2. As used in this section, “network plan” means a health benefit plan offered by a health carrier under which the financing and delivery of medical care, including items and services paid for as medical care, are provided, in whole or in part, through a defined set of providers under contract with the carrier. The term does not include an arrangement for the financing of premiums.
(Added to NRS by 1997, 2911; A 2013, 3624)
NRS 689B.580 Plan sponsor of governmental plan authorized to elect to exclude governmental plan from compliance with certain statutes; duties of plan sponsor.
1. A plan sponsor of a governmental plan that is a group health plan to which the provisions of NRS 689B.340 to 689B.580, inclusive, otherwise apply may elect to exclude the governmental plan from compliance with those sections. Such an election:
(a) Must be made in such a form and in such a manner as the Commissioner prescribes by regulation.
(b) Is effective for a single specified year of the plan or, if the plan is provided pursuant to a collective bargaining agreement, for the term of that agreement.
(c) May be extended by subsequent elections.
(d) Excludes the governmental plan from those provisions in this chapter that apply only to group health plans.
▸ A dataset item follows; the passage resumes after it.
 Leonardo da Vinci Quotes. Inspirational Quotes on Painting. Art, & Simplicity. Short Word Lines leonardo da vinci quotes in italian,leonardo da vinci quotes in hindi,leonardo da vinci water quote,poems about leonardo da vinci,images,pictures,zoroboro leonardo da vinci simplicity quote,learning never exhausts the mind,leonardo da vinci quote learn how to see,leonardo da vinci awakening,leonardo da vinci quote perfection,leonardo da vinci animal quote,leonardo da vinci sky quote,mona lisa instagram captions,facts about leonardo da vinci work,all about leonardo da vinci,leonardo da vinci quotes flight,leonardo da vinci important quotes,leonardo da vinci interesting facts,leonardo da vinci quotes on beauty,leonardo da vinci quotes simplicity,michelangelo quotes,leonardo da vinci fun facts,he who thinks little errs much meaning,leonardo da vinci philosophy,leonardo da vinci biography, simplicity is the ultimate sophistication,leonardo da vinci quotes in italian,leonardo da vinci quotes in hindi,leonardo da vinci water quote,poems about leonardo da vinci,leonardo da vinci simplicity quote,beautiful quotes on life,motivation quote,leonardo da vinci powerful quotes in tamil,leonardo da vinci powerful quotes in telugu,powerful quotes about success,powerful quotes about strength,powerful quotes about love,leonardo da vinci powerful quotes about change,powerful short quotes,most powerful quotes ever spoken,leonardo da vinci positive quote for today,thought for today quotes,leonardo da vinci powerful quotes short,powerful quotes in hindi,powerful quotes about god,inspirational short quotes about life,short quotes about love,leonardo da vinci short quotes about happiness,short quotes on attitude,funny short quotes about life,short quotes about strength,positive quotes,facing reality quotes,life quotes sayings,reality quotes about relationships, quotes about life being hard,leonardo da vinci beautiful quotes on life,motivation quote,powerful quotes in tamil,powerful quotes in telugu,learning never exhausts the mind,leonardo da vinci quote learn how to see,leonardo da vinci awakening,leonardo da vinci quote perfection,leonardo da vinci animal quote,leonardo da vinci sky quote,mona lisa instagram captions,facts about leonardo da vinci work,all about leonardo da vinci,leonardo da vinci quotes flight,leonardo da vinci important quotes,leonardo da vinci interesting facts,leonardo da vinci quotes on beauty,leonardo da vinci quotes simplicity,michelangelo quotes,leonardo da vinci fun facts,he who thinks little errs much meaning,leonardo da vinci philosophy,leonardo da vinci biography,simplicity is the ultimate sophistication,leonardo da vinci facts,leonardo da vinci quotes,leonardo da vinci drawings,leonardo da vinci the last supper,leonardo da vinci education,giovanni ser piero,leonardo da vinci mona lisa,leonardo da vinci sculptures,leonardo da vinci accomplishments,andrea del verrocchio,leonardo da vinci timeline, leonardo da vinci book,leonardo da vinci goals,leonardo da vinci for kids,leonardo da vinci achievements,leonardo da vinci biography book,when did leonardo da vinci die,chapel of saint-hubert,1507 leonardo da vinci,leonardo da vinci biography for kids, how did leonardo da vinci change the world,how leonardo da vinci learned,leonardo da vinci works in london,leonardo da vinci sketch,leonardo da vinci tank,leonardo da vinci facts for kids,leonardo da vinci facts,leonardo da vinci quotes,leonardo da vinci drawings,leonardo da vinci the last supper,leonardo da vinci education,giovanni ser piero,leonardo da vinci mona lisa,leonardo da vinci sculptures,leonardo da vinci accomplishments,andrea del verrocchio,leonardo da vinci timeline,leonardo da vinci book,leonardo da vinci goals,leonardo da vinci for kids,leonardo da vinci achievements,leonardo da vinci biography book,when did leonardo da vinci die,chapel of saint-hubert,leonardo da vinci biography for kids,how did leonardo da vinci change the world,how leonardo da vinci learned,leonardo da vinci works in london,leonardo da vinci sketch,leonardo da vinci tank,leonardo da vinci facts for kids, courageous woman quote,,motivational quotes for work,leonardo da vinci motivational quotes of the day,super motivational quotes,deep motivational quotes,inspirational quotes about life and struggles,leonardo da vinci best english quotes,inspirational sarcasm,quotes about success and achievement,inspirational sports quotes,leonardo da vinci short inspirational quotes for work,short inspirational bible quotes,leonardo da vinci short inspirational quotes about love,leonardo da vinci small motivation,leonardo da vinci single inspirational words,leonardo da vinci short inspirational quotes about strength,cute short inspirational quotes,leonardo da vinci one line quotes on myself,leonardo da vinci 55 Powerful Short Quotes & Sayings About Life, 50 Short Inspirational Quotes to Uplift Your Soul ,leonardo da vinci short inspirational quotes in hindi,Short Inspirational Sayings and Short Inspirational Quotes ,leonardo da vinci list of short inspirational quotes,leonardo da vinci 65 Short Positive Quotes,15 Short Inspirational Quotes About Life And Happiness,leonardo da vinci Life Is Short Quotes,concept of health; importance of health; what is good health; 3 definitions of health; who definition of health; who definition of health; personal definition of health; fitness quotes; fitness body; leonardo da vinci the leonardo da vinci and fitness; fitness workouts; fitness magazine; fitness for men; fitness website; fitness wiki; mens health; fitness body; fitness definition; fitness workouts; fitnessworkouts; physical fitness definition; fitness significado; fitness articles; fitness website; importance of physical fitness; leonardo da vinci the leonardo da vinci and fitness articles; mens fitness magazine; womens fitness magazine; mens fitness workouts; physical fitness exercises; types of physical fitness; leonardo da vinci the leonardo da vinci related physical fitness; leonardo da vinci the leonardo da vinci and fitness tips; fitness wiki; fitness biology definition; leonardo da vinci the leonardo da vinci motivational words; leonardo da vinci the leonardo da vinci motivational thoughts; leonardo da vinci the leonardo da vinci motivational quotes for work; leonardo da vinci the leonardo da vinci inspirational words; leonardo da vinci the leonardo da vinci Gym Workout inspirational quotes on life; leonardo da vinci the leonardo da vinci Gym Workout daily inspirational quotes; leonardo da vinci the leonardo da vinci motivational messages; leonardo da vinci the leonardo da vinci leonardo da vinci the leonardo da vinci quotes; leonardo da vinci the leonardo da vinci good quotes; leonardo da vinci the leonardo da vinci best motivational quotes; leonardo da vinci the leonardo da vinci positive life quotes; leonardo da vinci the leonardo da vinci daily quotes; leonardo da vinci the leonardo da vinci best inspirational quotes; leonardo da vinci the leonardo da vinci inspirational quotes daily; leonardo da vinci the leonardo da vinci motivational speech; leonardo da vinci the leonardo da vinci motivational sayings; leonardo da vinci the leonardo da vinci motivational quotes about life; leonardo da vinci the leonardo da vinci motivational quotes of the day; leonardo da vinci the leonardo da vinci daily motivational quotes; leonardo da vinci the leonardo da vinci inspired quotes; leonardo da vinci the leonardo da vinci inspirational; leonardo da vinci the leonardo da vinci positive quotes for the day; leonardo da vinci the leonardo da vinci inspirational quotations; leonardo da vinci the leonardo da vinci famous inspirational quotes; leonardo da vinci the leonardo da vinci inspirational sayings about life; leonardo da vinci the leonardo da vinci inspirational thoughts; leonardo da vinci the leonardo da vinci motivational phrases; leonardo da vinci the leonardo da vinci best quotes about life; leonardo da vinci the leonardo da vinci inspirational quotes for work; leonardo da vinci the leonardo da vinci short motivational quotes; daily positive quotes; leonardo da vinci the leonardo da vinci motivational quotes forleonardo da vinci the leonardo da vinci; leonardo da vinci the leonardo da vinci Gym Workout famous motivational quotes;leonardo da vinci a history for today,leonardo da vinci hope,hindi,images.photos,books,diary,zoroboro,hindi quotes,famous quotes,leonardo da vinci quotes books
2. If a plan sponsor of a governmental plan makes an election pursuant to this section, the plan sponsor shall:
(a) Annually and at the time of enrollment, notify the enrollees in the plan of the election and the consequences of the election; and
(b) Provide certification and disclosure of creditable coverage under the plan with respect to those enrollees pursuant to NRS 689B.490.
3. As used in this section, “governmental plan” has the meaning ascribed to in section 3(32) of the Employee Retirement Income Security Act of 1974, as that section existed on July 16, 1997.